• [Excerpted records]
[Start of section]
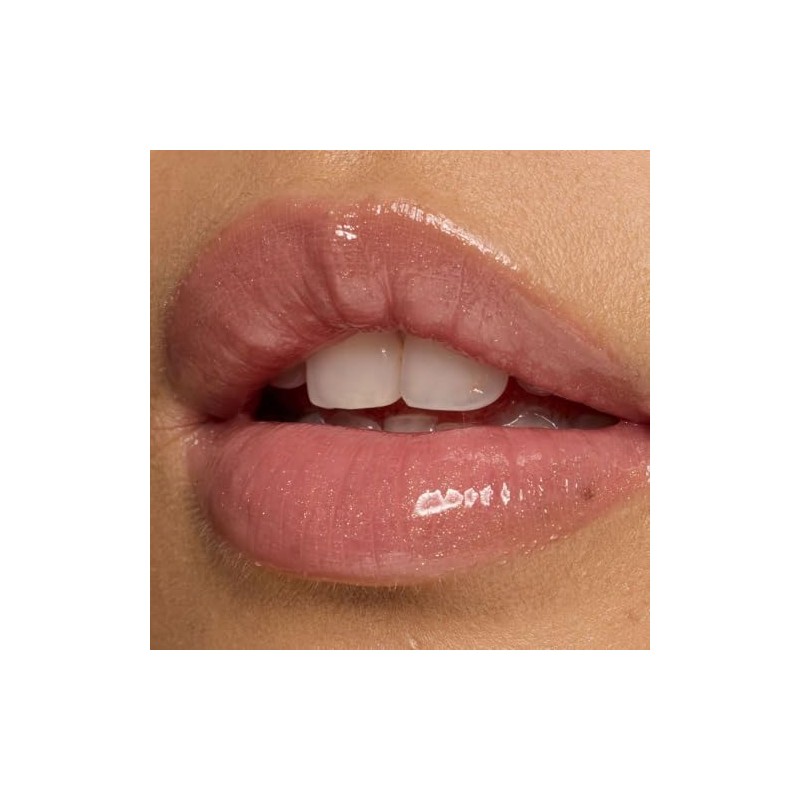 NYX Professional Makeup, Jelly Job Gloss -Tono Honey Its Jelly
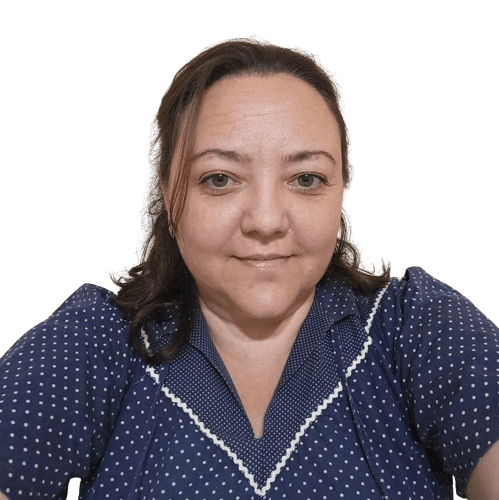 teacher avatar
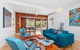 Durras Cottage - thumb 0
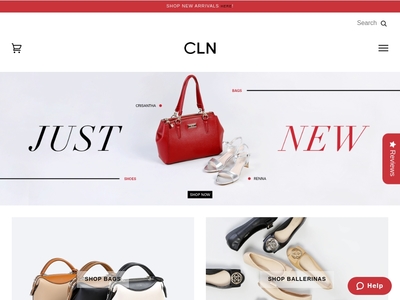 celine online shop philippines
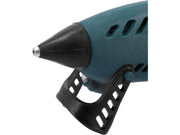 PISTOL DE LIPIT CU BATOANE, LUND, 16W, 230V LUND 73060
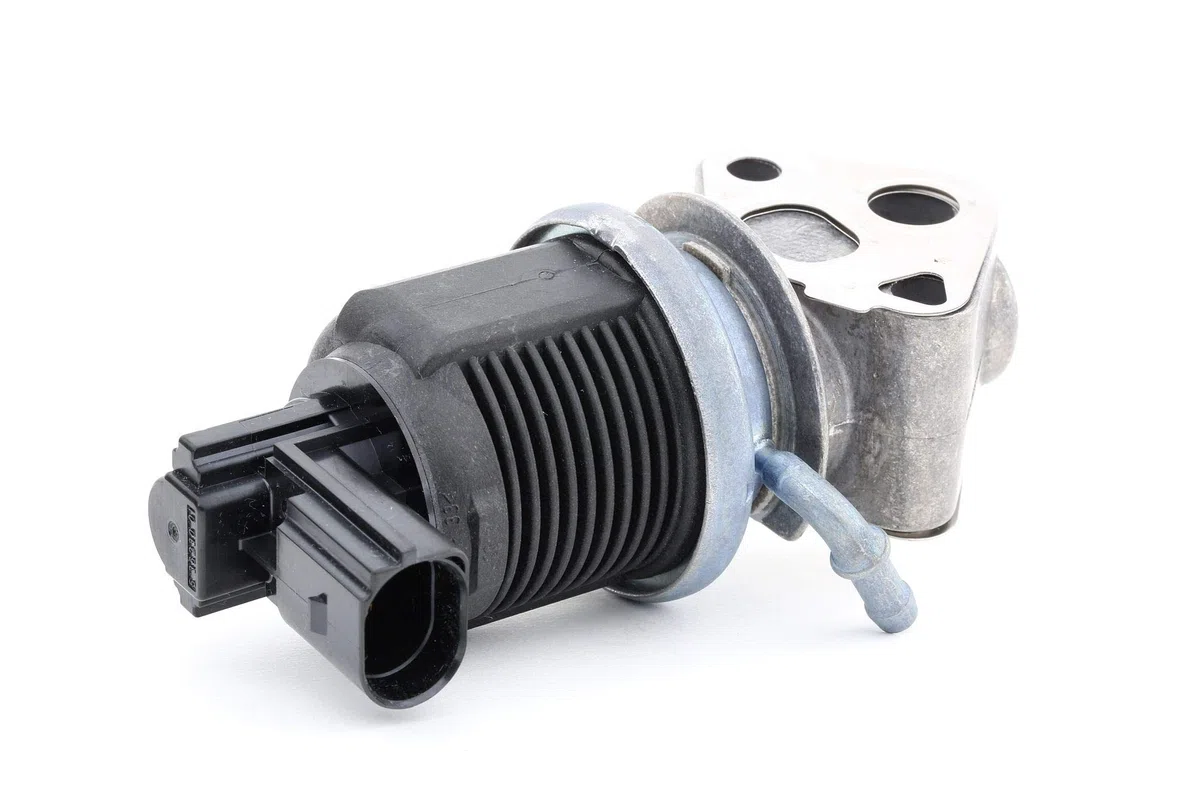 PIERBURG Valvola ricircolo gas scarico-EGR 7.28248.17.0 Compatibile con: AUDI A2, SEAT AROSA, CORDOBA, CORDOBA, CORDOBA Vario, IBIZA II, IBIZA III, INCA, LEON, TOLEDO II, SKODA FABIA I, FABIA I Combi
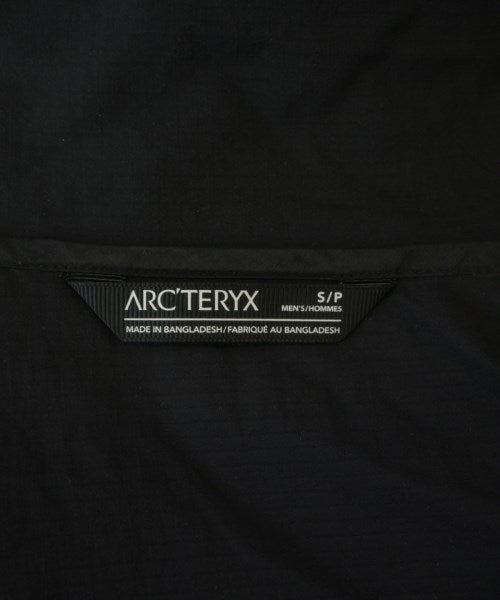 ARC'TERYX แจ็คเก็ตเบลาส์ อื่น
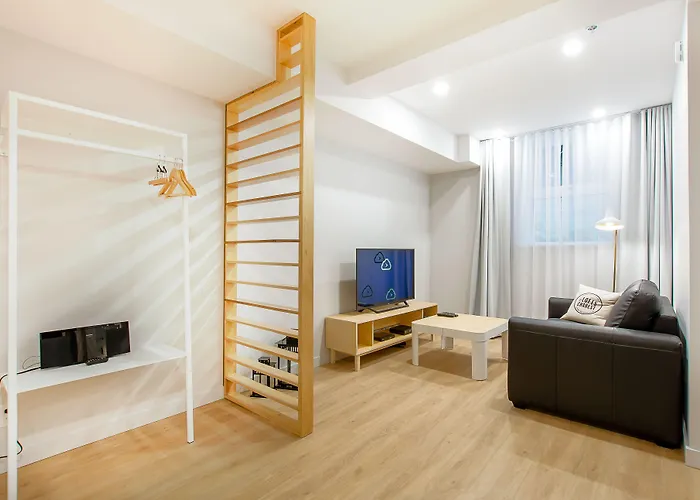 Les Lofts Charest - Par Les Lofts Vieux-Quebec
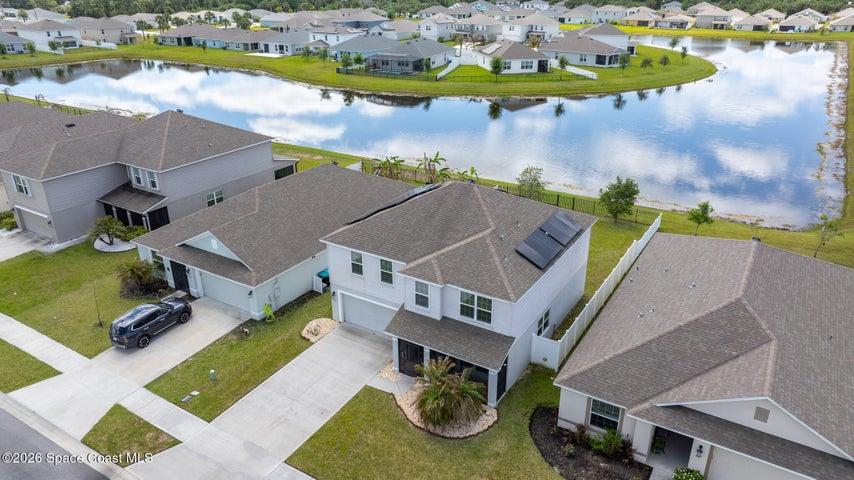 875 Corbin Circle SW, Palm Bay, FL, 32908 photo 47
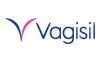 Vagisil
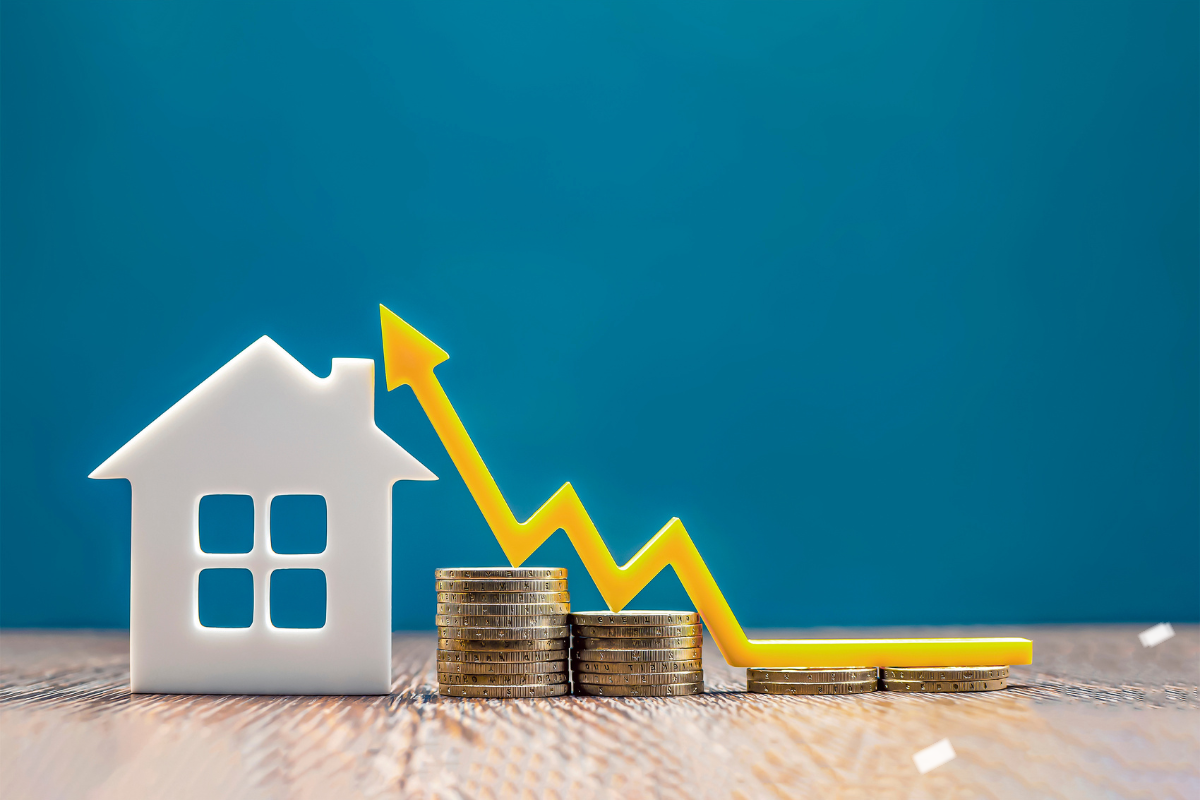 Article image for ‘Dire situation’: Rentals under $400 per week reach whopping low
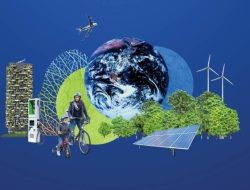 Egypt and EU Boost Collaboration for Green Transformation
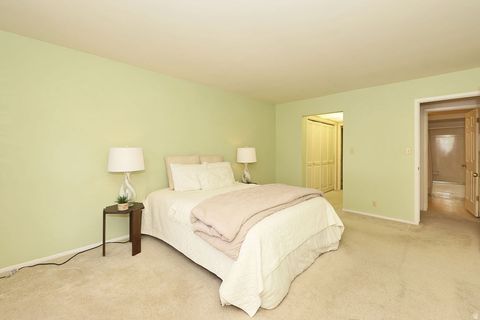 Tiny photo for 4145 S 635 E, Murray, UT 84107 (MLS # 2131402)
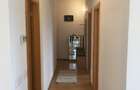 Inchiriere apartament 3 camere modern bloc nou in Gheorgheni- Iulius Mall - 5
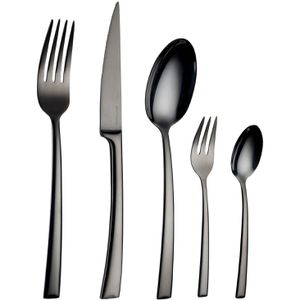 Produktbild für Besteck-Set Echtwerk Avelino, Besteckkasten, Edelstahl 18/10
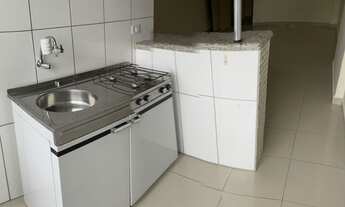 Imagem 6: VENDO LINDÍSSIMA KIT REFORMADA NA AVENIDA PAULISTA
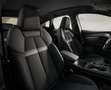 Audi Q4 e-tron Sportback Advanced 150kW 63KWh Blanco - thumbnail 9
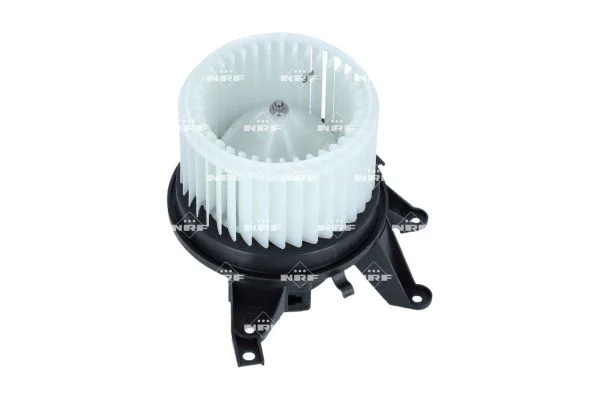 NRF pulseur d'air habitacle fiat 500 14-
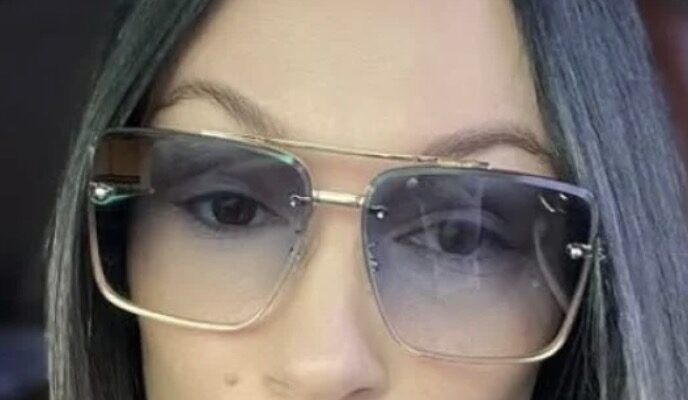 “Я дуже рада”: відома співачка зробила прогноз щодо закінчення війни в Україні “Я дуже рада”: відома співачка зробила прогноз щодо закінчення війни в Україні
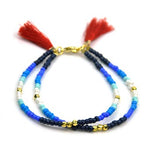 Santorini Bracelet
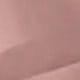 彩色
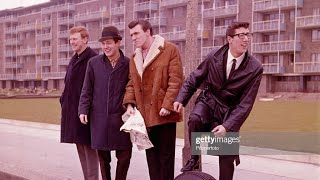 Wonderfull land 😀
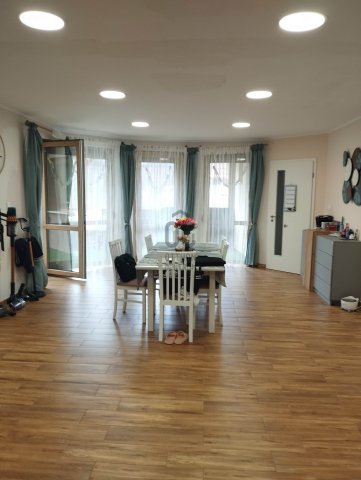 Kiadó családi ház, albérlet, Debrecenben 1500 E Ft / hó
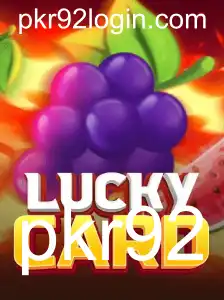 LuckyCard: Um Guia Completo para o Jogo de Cartas Popular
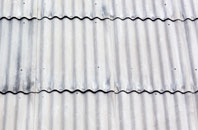 Crosswell corrugated roof quotes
[End of section]
• [Assignment] In full and without any pictures, print the listing above exactly.

• [Written answer]
 NYX Professional Makeup, Jelly Job Gloss -Tono Honey Its Jelly
 teacher avatar
 Durras Cottage - thumb 0
 celine online shop philippines
 PISTOL DE LIPIT CU BATOANE, LUND, 16W, 230V LUND 73060
 PIERBURG Valvola ricircolo gas scarico-EGR 7.28248.17.0 Compatibile con: AUDI A2, SEAT AROSA, CORDOBA, CORDOBA, CORDOBA Vario, IBIZA II, IBIZA III, INCA, LEON, TOLEDO II, SKODA FABIA I, FABIA I Combi
 ARC'TERYX แจ็คเก็ตเบลาส์ อื่น
 Les Lofts Charest - Par Les Lofts Vieux-Quebec
 875 Corbin Circle SW, Palm Bay, FL, 32908 photo 47
 Vagisil
 Article image for ‘Dire situation’: Rentals under $400 per week reach whopping low
 Egypt and EU Boost Collaboration for Green Transformation
 Tiny photo for 4145 S 635 E, Murray, UT 84107 (MLS # 2131402)
 Inchiriere apartament 3 camere modern bloc nou in Gheorgheni- Iulius Mall - 5
 Produktbild für Besteck-Set Echtwerk Avelino, Besteckkasten, Edelstahl 18/10
 Imagem 6: VENDO LINDÍSSIMA KIT REFORMADA NA AVENIDA PAULISTA
 Audi Q4 e-tron Sportback Advanced 150kW 63KWh Blanco - thumbnail 9
 NRF pulseur d'air habitacle fiat 500 14-
 “Я дуже рада”: відома співачка зробила прогноз щодо закінчення війни в Україні “Я дуже рада”: відома співачка зробила прогноз щодо закінчення війни в Україні
 Santorini Bracelet
 彩色
 Wonderfull land 😀
 Kiadó családi ház, albérlet, Debrecenben 1500 E Ft / hó
 LuckyCard: Um Guia Completo para o Jogo de Cartas Popular
 Crosswell corrugated roof quotes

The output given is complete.